- Kelowna Votes
The worst of the price slashing is likely over in Kelowna's confusing and rapidly changing housing market.
The ReMax Fall Canadian Housing Market Outlook pegs the average residential sale price in Kelowna as of Aug. 31 at $933,112, an 11% tumble from its peak of $1,050,000 in February.
11% represents a significant $116,888 price drop.
And it's probably not finished falling, according to Kelowna-based ReMax Canada executive vice-president Elton Ash.
"I imagine the total price drop will end up to be around 15%," said Ash.
"So, that means the average residential sale price bottoming out in the high $800,000s."
We did the math and a 15% plunge from the pinnacle of $1,050,000 is $892,500.
"The market is definitely adjusting and changing. Confusing is the best way to put it," said Ash.
"But we also have to remember that home prices escalated rapidly through 2021 into early 2022. So, a bottom of $890,000 is still more than the average residential sale price of $785,472 on Aug. 31, 2021."
That's true, but it still doesn't negate the fact that most homeowners will see $157,500 in value (the 15% difference from $1,050,000 to $892,500) in their home simply disappear.

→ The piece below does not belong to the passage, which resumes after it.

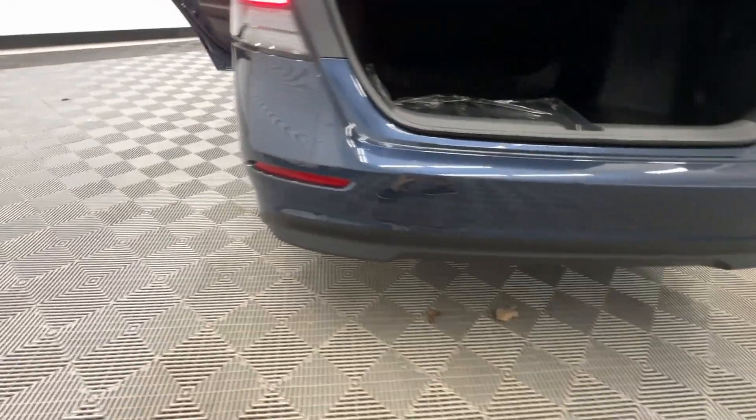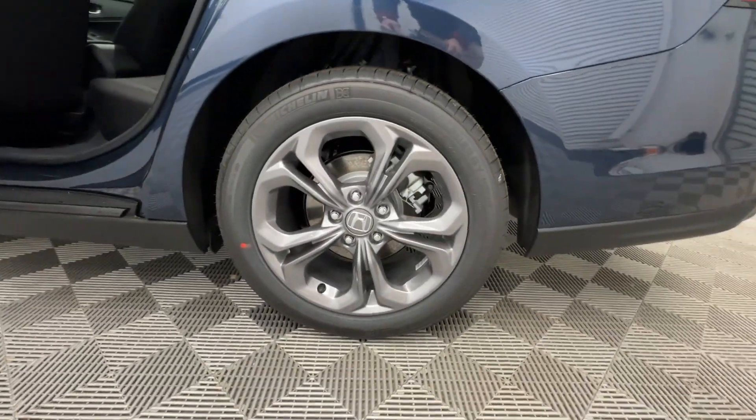In life, there are many roads to take. Choose excellence. Drive the Honda Accord.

Ash said there's still a shortage of housing in Kelowna and Canada and demand will come back shortly, so while home prices are adjusting and rebalancing, they will certainly not collapse.
If you bought at the peak, you're probably kicking yourself right now.
If you're trying to sell your home, you're likely having to reduce the price repeatedly.
And if you're looking to buy a home, you're probably holding off to see how low prices can go.
Potential buyers willing to pull the trigger can likely negotiate a good deal.
However, it's all relative.
The potential buyer on the precipice of a bargain likely just had to sell their previous home for a steal.
For its outlook, ReMax compiles the average residential sale price by lumping in all sales of single-family homes, townhouses and condominiums.
The Association of Interior realtors breaks out benchmark selling prices of the three categories of housing.
The association's benchmark in August for a typical single-family home was $1,018,000 down from the record of $1,132,000 in April, a townhouse $772,7000 from $829,000 and a condo $526,700 from $557,700.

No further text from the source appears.